BRIEF DESCRIPTION OF THE DRAWINGS

So that the manner in which the above recited features of the present invention can be understood in detail, a more particular description of the invention, briefly summarized above, may be had by reference to embodiments, some of which are illustrated in the appended drawings. It is to be noted, however, that the appended drawings illustrate only typical embodiments of this invention and are therefore not to be considered limiting of its scope, for the invention may admit to other equally effective embodiments.

FIG. 1 illustrates an iris sensing and acquisition system according to one embodiment of the present invention;

FIG. 2 illustrates a diagram in accordance with a method of the present invention;

FIG. 3 illustrates an image process that combines multiple images according to one embodiment of the present invention; and

FIG. 4 illustrates a block diagram of an image processing device or system according to one embodiment of the present invention.

DETAILED DESCRIPTION

The present invention discloses a system and method for acquiring images in a dynamic environment for use in iris recognition. The present invention allows people to move around while the tasks of iris capturing, processing and recognition are performed. In one embodiment of the present invention, a typical working scenario would involve a person walking toward a portal from a distance, detection of the person, capturing/matching the person's iris image, and invoking a positive or negative signal when the person passes through the portal, or within a reasonable time.

FIG. 1 illustrates an iris sensing and acquisition system 100 according to one embodiment of the present invention. An array of cameras 105, 115 captures a plurality of images within a focus region 104. At least one of the images captured by the array of cameras contains a region having at least a portion of an iris of a subject 102.

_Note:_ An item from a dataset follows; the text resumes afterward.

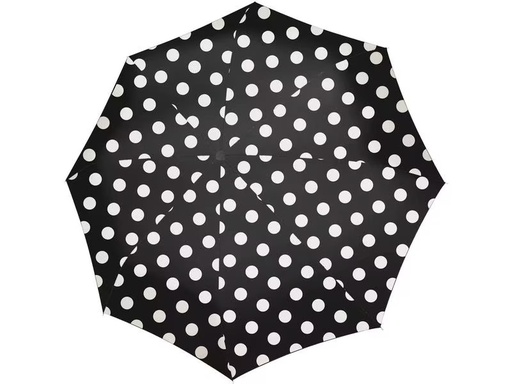 [90329890 1616394] Reisenthel Schirm Pocket Classic Dots White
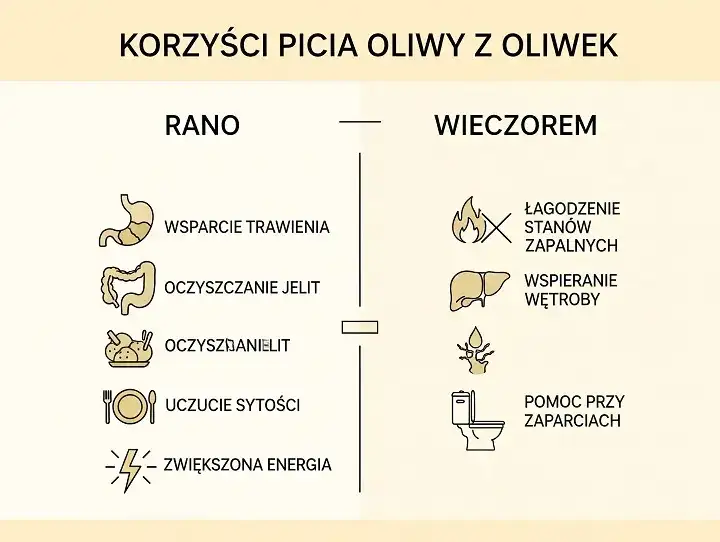 Picie oliwy z oliwek: Jak bezpiecznie czerpać korzyści?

In one embodiment, a wide-field-of-view (WFOV) camera 105 detects faces, finds eyes and identifies the region-of-interest (ROI) for iris while allowing a subject 102 to move around. The ROI information is sent to a selector 110 to control the selection of an array of narrow-field-of-view (NFOV) camera(s) 115 for capturing a plurality of iris images. In one embodiment, the plurality of iris images comprises a sequence of high resolution iris images. The array of NFOV cameras 115 may comprise fixed and/or pan-tilt-zoom cameras. In addition, a depth map of the ROI may be automatically estimated to assist the selection of NFOV cameras 115. The depth estimation can be accomplished in many ways, e.g., stereo camera, infrared, ultrasound, ladar. To increase the system flexibility, NFOV cameras with increased capturing range can be used. In one embodiment, an array of NFOV cameras 115 may be operable to implement the present invention without the use of WFOV camera(s) 105.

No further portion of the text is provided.